The prospect immediately understood why this mattered—they'd been burned by file upload failures in their current system.

They Show How You Handle Pressure

How you respond to demo failures reveals more about your company culture than any slide deck about "our values."

Do you blame the intern? Make excuses about the demo environment? Frantically try to fix it while everyone watches?

Or do you calmly explain what's happening, acknowledge the issue, and turn it into a discussion about how these problems get resolved in production?

The latter approach builds trust. It shows that you understand software is complex, failures happen, and what matters is how you handle them.

They Create Authentic Moments

Perfect demos feel like theater. Broken demos feel like real life.

When something goes wrong during a demo, the room changes. People lean forward instead of sitting back. They start asking questions about their actual pain points instead of politely listening to your feature tour.

These authentic moments often lead to the most productive conversations about whether your product actually solves their problems.

The Demo Environment Dilemma

There's an ongoing debate in the software world about demo environments. Should you use:

Pristine Demo Data: Perfect examples that show your features in the best light, but don't reflect real-world messiness.

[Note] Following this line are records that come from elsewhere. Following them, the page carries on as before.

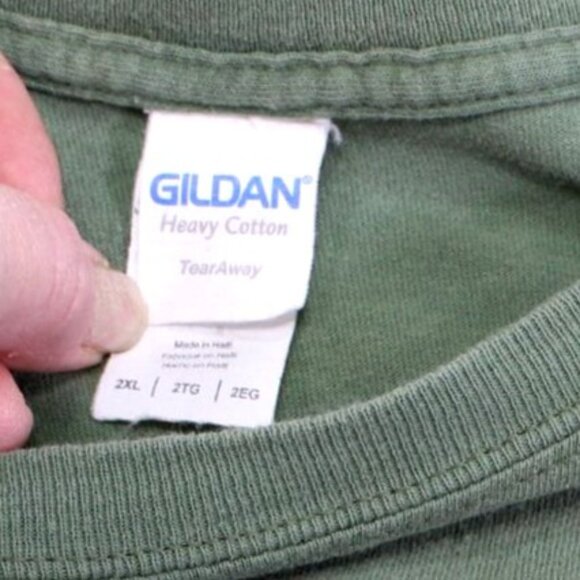 Gildan 2XL Green St. Patricks Day 2018 Irish At Heart T-Shirt Heavy Cotton Old C - Picture 4 of 6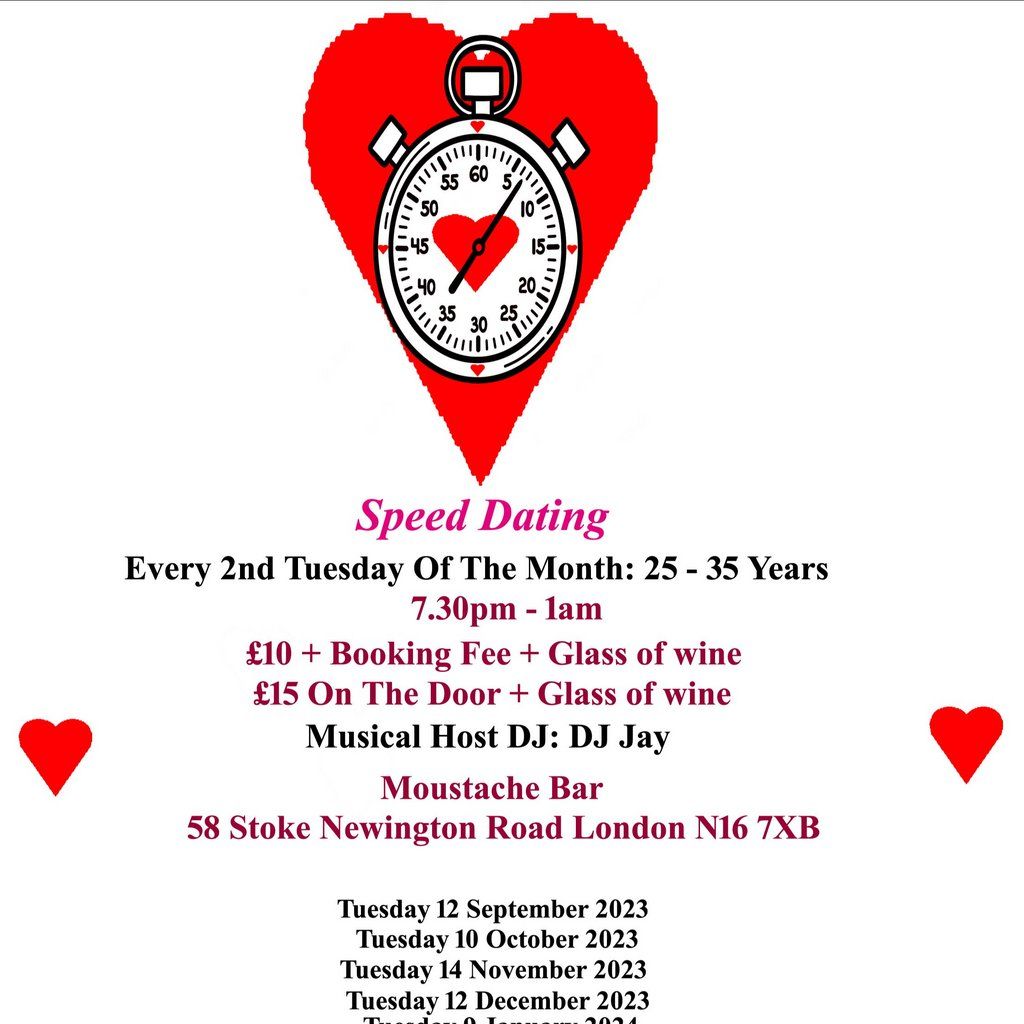 Speed Dating.  25 - 35 years.  Tuesdays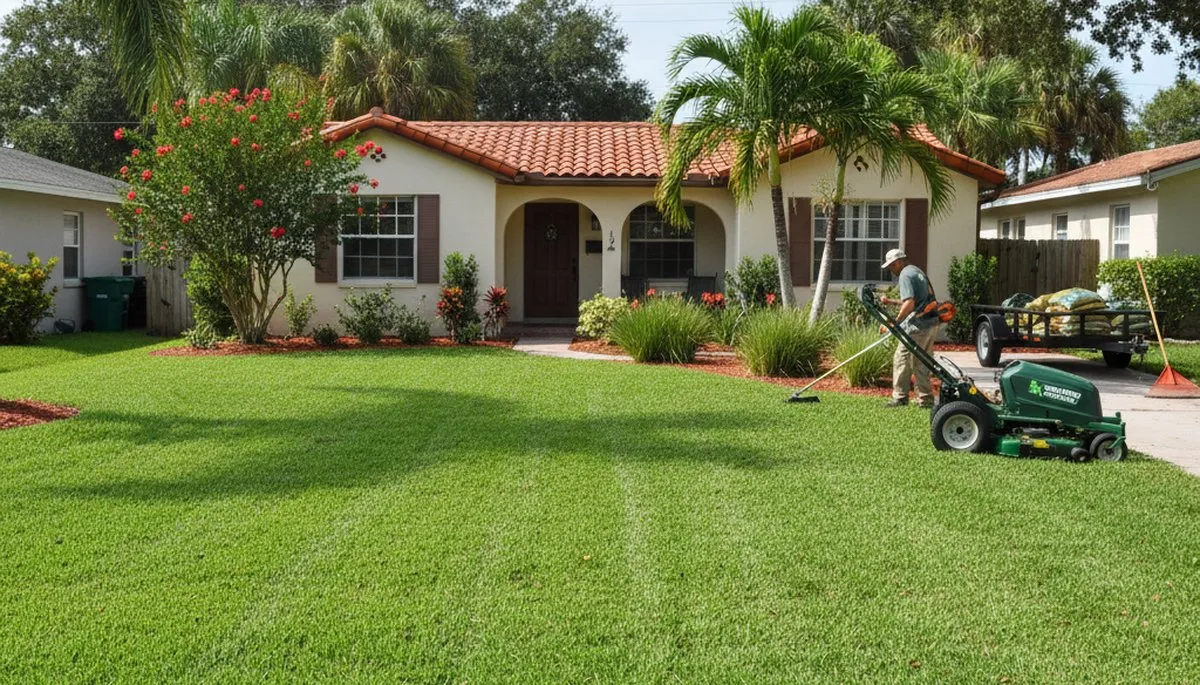 Pristine residential lawn showing expert maintenance by Chop Chop Landscaping in St Petersburg, FL
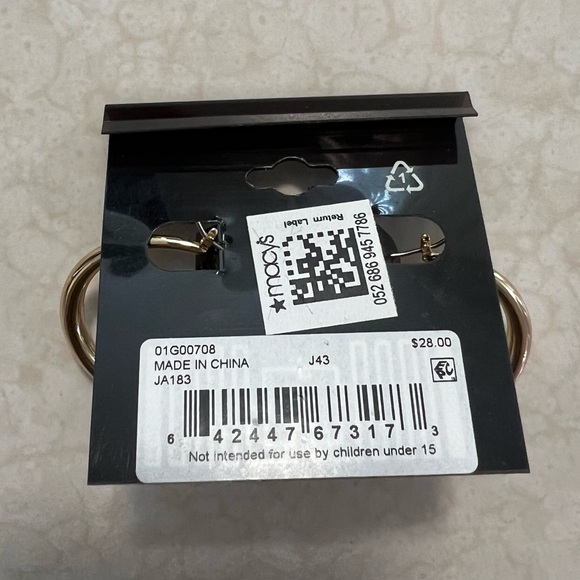 New Anne Klein loop Earring - Picture 3 of 3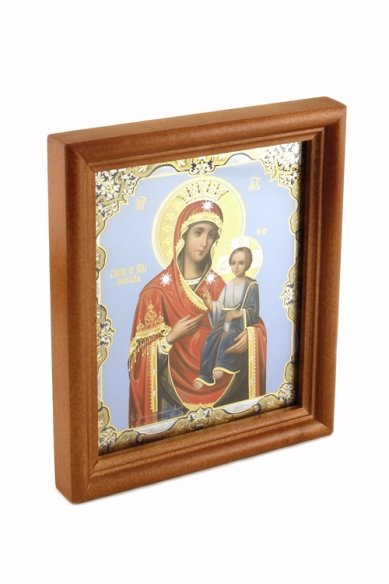 Иконы Иверская икона Божией Матери под стеклом (13х16 см, Софрино)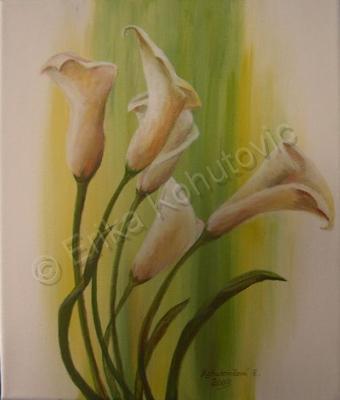 Floral - Calla Lilies 2 - Acrylics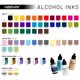 thumbnail image 3 of Set de tinta al alcohol KAMENSKAYA 4 x 15 ml colores pastel, 3 of 8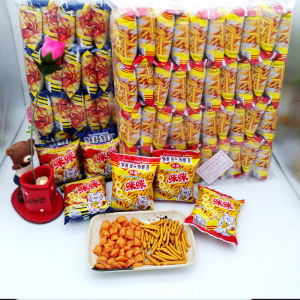 Classic Mimi Shrimp Strip Crab Particle Snacks 20g*20 Bags Office Leisure Nostalgic Childrens Small Snacks Puffed Food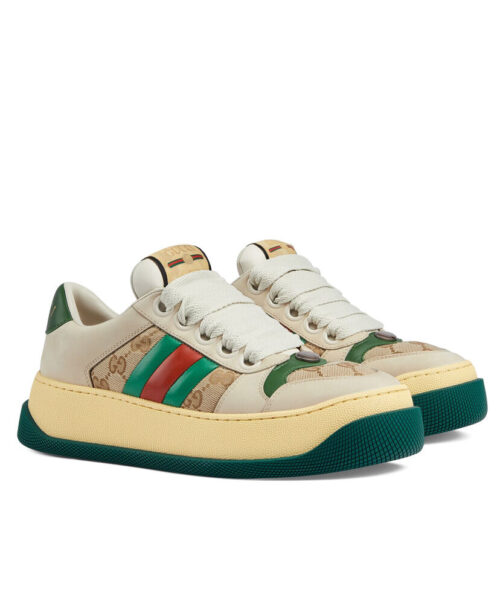 Gucci Unisex Screener Sneaker With Web 777102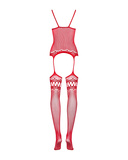F214 bodystocking czerwone S/M/L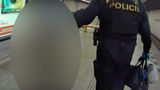 Pozdvižení v metru: Policisté z metra vyvedli zdrogovanou žebračku, přetahovala se s nimi a hystericky křičela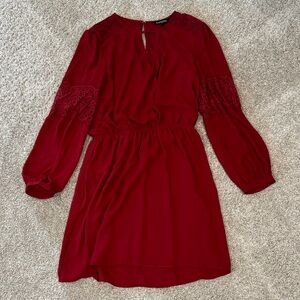 Express women’s long sleeve dress: M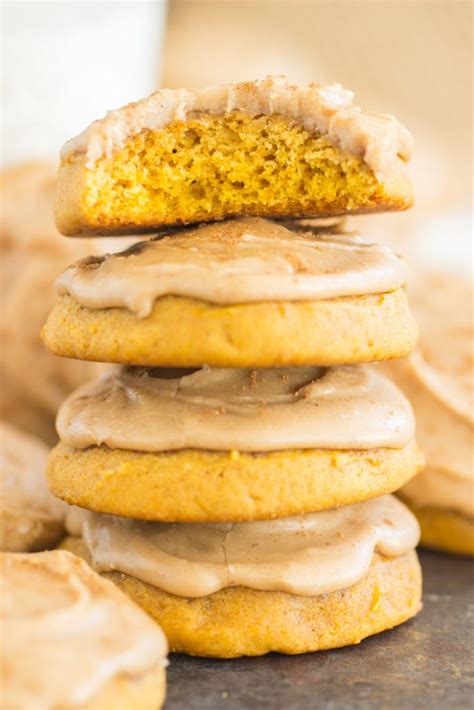 pumpkin-cookies-with-maple-frosting-the-gold image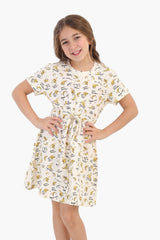 Carina - Girly Bananas Print Nightgown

Production-Like Data: Realistic examples that expose edge cases and actual user workflows, but might reveal embarrassing bugs or performance issues.

Live Production: The actual system your customers use, with all the chaos and unpredictability that entails.

Each approach has trade-offs, but I've become convinced that the middle ground—production-like data in a stable environment—often provides the worst of both worlds. You get messiness without authenticity, complexity without the real stakes that make failures meaningful.

The best demos I've seen either embrace the polish (acknowledging that it's a curated experience) or embrace the chaos (doing live demos in production with all the risks that entails).

What Demo Failures Teach Us About Product Development

Demo disasters aren't just sales experiences—they're product intelligence. They reveal gaps between how you think your software works and how it actually behaves under pressure.

The Performance Reality Check

During a demo to a large enterprise client, our "lightning-fast search" feature took 15 seconds to return results. Embarrassing? Absolutely. But it forced us to confront the fact that our search optimization worked great with 1,000 records and terribly with 100,000.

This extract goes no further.